Auf dem ganzen Weg wurde immer wieder auf abgebrochene Bordsteine und abgesunkene Gullideckel hingewiesen. Probleme mit abgenutzten Straßen, die es in allen Ortsteilen in ähnlicher Form gebe, wie Spanka anmerkte, und deren Beseitigung von der Haushaltslage abhänge.

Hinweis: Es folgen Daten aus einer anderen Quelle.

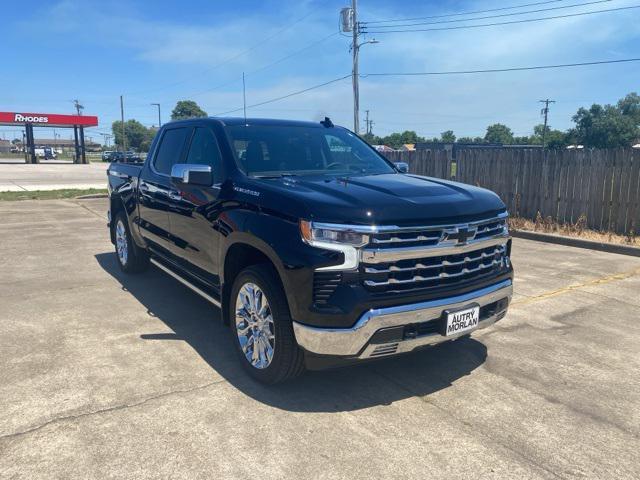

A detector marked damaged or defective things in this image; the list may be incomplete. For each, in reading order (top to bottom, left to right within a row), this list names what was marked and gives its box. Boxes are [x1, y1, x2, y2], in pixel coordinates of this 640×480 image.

Im Bürgerhaus fragte Kurt Muth, ob man eine Nachbesserung des vor etwa vier Jahren erneuerten Bodenbelages verlangen könne. Die Abdichtungen um die Heizungszuleitungen sei nicht sauber verarbeitet worden. Stadtverordnetenvorsteher Nils Jansen sagte, auf Baumaßnahmen gebe es fünf Jahre Gewährleistung. Sigrid Diehl wollte wissen, was eine neue Bestuhlung für das Bürgerhaus kosten würde. Die jetzige sei noch die erste aus dem Jahr 1982. „Jedes Jahr stehen wir hier vom Ortsbeirat mit dem Akkuschrauber und setzen einen Teil instand“, antwortete sie auf eine Bemerkung, dass die Bestuhlung noch ganz gut aussehe. Der Bürgermeister sagte zu, eine Bestandsaufnahme vornehmen zu lassen.